The Reading researchers used their funding across multiple projects that led to the drone cloud seeding.

First, they simulated the behavior of water droplets in clouds. Researchers Torsten Auerswald and Maarten Ambaum used a technique called "ABC flow" to model how droplets behave. Because the technique simulates motion using far less computing power than other methods, they also were able to simulate how electrical charges could influence droplets, providing a clear, measurable picture of how electric-charge cloud seeding could work.

Then, another team at the university (of which Ambaum was also a part) spent a year measuring electrical charge in fog layers above the UAE. They found that rain droplets in the UAE's fog layers were much smaller than those measured above more-temperate sites in Finland and the United Kingdom, suggesting that charging droplets could actually induce rainfall.

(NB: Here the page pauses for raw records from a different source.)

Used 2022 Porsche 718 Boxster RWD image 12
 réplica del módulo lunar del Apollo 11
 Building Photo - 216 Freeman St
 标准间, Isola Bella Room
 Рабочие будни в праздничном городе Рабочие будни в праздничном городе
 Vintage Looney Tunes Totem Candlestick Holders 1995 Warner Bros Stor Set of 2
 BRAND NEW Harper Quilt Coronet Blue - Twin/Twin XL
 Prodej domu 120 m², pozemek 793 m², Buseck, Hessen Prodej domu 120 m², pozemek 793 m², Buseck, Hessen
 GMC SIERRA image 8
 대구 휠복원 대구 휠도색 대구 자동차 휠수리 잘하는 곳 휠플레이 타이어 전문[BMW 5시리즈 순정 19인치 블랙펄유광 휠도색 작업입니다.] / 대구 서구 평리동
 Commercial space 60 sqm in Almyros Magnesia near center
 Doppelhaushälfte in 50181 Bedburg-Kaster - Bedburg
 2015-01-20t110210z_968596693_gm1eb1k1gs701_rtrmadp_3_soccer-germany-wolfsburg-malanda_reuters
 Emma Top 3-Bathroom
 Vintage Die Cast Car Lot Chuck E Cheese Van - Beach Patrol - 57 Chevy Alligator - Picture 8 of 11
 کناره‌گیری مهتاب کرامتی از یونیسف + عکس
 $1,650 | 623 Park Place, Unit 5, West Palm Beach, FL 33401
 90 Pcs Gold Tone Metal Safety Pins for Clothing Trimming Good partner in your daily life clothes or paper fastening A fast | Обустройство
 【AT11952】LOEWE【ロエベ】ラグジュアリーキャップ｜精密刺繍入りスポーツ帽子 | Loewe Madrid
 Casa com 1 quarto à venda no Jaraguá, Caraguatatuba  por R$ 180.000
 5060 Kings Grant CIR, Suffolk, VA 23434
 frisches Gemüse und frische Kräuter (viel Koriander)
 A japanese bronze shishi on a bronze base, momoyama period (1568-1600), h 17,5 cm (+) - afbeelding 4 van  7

Finally, the teams tested their theories by launching drones equipped with instruments to induce electric charges in the sky near Dubai, producing the incredible video of a rainstorm in the desert. The results of the drone program will be evaluated in the near future to determine whether the approach merits more funding.

Rosenfeld is impressed with the project, but cautions that more work needs to be done on weather modification through cloud seeding, by drone or any other means.

"The limiting factor is the identification of seedable clouds in a timely and actionable fashion," says Rosenfeld.

Simulations of cloud properties and cloud measurements like those done by the University of Reading team are a good start, but our physical understanding of cloud behavior needs to be complemented with real-time satellite and radar observations, says Rosenfeld. Better, faster cloud identification would allow drones to be automatically directed towards the most 'seedable' clouds.

One promising avenue to make this a reality is artificial intelligence. "AI is the proper tool for relating the radar and satellite observations to the cloud properties of interest," says Rosenfeld.

AI systems are beginning to become robust enough to deliver critical insights on cloud behavior and composition in real time. These systems are also being increasingly used for short-term prediction of cloud behavior, which is necessary to direct drone-based cloud seeding.

 

Logan Kugler is a freelance technology writer based in Tampa, FL, USA. He has written for over 60 major publications.